N. Korea singles President Lee out for criticism

Posted on : 2008-04-02 12:44 KST Modified on : 2019-10-19 20:29 KST
Lee’s N. Korea policy will be catastrophic for inter-Korean relations, N. Korean commentary says

>On April 1, North Korea described President Lee Myung-bak as a “rebel, an absent-minded traitor, a conservative power broker,” directly referring to him by name for the first time. Since Lee took office after the December presidential election, Pyongyang has used expressions such as “conservative ruling power” and “descendants of the dictatorship” to refer to the government, but has not used Lee’s name. The Rodong Sinmun, the newspaper of the ruling North Korean Workers’ Party, criticized Lee’s North Korea policy as an “anti-unification declaration.” The North’s rejection of the Lee administration’s policy on North Korea is likely to prolong the strain in inter-Korean relations for a considerable period of time.

An article in the newspaper titled, “What the South Korean authorities will get from the anti-North confrontation is only destruction” said, “All Lee Myung-bak has done was to remove garbage from the Cheonggyecheon in Seoul while merely doing business throughout his life.” Since the June 15, 2000, declaration, Pyongyang has stopped criticizing South Korean heads of state.

The article went on to say, “Lee Myung-bak’s regime should take full responsibility for the irreversible, catastrophic consequences caused by its sycophantic, anti-North Korea strategies. North-South relations will come to a standstill and peace and safety on the Korean Peninsula will be destroyed,” characterizing Lee’s flagship North Korea policy, known as “Vision 3000,” as nonsensical, reactionary and something that goes against unification, saying that it will be catastrophic for inter-Korean relations. Lee, in one of his major campaign pledges, said that if the North gave up its nuclear ambitions, he would increase North Korea’s per capita gross national income to US$3,000 in ten years.
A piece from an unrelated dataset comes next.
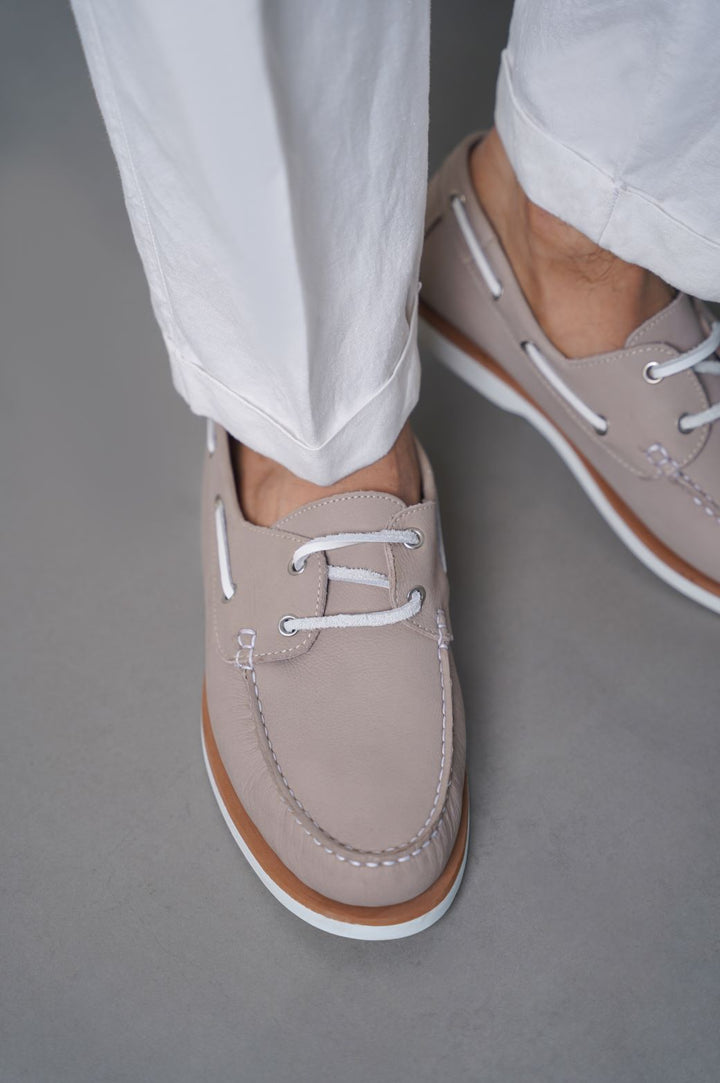 GREY TUMBLED LEATHER BOAT SHOES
The newspaper criticized Lee’s policy of “opening” the North to the outside world for exchange and development and his pragmatic style of leadership as instilling confrontation against Pyongyang and degrading inter-Korean relations to a plaything of his pragmatic diplomacy.

In addition, it said that Lee’s emphasis on the issue of North Korea’s human rights is a willful political provocation designed to inspire hostility and distrust among people of the same race and to drive relations between the two Koreas into a confrontation.
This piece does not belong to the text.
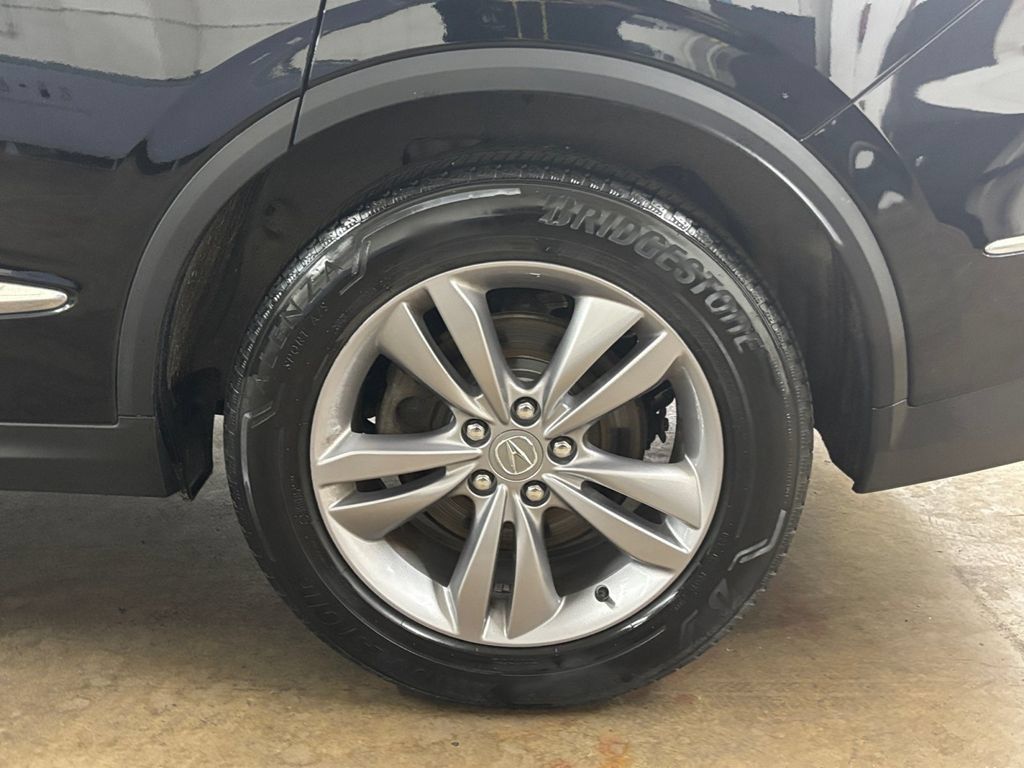 Certified 2024 Acura MDX SH-AWD image 37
In response, an official of the presidential office known as Cheong Wa Dae, or the Blue House, expressed regret that the North had referred to a head of state by name. Cheong Wa Dae spokesman Lee Dong-kwan said, “First of all, we need to understand the North’s real intentions. We must precisely analyze what is behind such remarks.’’

The comments in the article come amid a deterioration in relations between North and South Korea and deadlock in a six-party talks on the denuclearization of North Korea. On March 28, North Korea test-fired several missiles into the West Sea and has been stepping up its verbal attacks on the South, though this is the first time Lee has been referred to by name. The six-party talks have stalled in recent months following a dispute between North Korea and the United States over the North’s promised declaration of its nuclear programs.